Scan the records for the string "Gold", then copy each line that has it.

----

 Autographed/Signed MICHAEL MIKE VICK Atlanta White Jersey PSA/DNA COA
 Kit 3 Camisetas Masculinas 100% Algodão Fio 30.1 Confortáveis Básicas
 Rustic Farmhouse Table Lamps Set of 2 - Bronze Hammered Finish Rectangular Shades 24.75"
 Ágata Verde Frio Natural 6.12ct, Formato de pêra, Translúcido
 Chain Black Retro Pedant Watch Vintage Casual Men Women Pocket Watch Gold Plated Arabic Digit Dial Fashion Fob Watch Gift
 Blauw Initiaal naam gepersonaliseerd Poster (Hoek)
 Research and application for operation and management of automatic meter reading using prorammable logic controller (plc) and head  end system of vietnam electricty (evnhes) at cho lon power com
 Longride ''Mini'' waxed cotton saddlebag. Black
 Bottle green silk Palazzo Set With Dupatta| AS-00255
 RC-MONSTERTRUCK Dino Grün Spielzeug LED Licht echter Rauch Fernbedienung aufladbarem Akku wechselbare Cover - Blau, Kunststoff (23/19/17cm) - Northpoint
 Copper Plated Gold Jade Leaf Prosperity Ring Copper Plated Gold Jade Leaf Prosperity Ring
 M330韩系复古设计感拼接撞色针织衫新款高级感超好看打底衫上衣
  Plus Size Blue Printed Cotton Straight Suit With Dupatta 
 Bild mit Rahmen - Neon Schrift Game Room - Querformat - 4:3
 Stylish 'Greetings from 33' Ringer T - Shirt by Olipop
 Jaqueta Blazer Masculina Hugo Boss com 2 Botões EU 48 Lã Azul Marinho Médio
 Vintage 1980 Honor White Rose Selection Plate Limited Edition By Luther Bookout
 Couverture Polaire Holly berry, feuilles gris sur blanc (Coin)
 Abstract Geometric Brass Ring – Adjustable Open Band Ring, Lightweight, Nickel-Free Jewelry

----

◆ Written answer
 Chain Black Retro Pedant Watch Vintage Casual Men Women Pocket Watch Gold Plated Arabic Digit Dial Fashion Fob Watch Gift
 Copper Plated Gold Jade Leaf Prosperity Ring Copper Plated Gold Jade Leaf Prosperity Ring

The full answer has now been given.